In reading and posting on this forum, I see a lot of code here that doesn't consider sql injection.

SQL injection is an attack where the attacker terminates or modifies an sql query with input data.
Here are some samples:

In Michael Howard's blog, he wrote up a very nice primer on this type of attack and why it's important to secure yourself against it.

Forget that this guy works for Microsoft, and this is a php forum, because all the same stuff applies to us.

I've wanted to write this up for just about every post I've seen here... There's a scary disregard for input filtering among most of these posts.

Some things he doesn't mention, which also help, is:
1. Limit the size of your parameters
If you are expecting no more than 10 characters, then substr($var, 0,10) the variable. The larger the string you allow, the more space an attacker has to work with malicious queries.
If you are expecting a 1 digit integer, then substr($var,0,1) and test it with is_int().
2. Use php's string handling functions
php has a ton of variable, sql filtering and format validation functions, use them 8) htmlentities() is very powerful for handling issues etc before handing the var off to the validation and filtering routines.

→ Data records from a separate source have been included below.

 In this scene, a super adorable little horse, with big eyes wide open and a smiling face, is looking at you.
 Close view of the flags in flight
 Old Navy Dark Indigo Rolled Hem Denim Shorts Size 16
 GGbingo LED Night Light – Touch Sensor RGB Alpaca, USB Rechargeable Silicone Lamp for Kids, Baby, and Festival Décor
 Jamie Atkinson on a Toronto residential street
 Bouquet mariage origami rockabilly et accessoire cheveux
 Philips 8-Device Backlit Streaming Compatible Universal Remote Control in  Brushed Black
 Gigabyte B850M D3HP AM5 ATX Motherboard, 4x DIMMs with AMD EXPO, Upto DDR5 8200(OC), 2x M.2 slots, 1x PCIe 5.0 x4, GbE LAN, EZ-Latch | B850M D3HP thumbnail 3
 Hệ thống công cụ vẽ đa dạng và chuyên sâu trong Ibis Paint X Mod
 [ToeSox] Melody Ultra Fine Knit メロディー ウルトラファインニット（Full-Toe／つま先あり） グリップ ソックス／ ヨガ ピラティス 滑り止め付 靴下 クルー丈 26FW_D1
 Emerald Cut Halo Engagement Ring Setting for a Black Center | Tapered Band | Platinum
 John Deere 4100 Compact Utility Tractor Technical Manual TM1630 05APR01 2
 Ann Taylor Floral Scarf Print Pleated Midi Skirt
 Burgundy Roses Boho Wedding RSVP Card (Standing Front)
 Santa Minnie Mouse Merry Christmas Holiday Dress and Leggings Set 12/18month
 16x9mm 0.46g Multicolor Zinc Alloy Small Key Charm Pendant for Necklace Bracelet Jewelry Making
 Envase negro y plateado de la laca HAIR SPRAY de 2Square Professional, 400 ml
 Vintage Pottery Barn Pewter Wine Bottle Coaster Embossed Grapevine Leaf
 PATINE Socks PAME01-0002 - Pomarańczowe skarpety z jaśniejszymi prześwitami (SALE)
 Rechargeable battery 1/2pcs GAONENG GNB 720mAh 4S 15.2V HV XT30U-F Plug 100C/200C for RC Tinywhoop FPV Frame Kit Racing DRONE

SQL injection is very serious and can lead to everything from stolen data, to defaced sites, to your site users getting infected with malware (by modifying links to point at counterfeit sites with malicious active x controls or 0day flash exploits). As a developer, it's your responsibility to filter your user input. You can filter it client side for user convenience, but it *absolutely* must be filtered at the posting processor (server side script) no matter what.

Remember a user can completely bypass any javascript validation you are using with a local proxy (such as Paros or TamperData for firefox) and submit anything they want at your server.

Happy filtering!

commented: Some great advice there +1

I completely agree - proper escaping is important to SQL as much as PHP. Timely post, especially as reports of SQL injections are cropping up all over the place.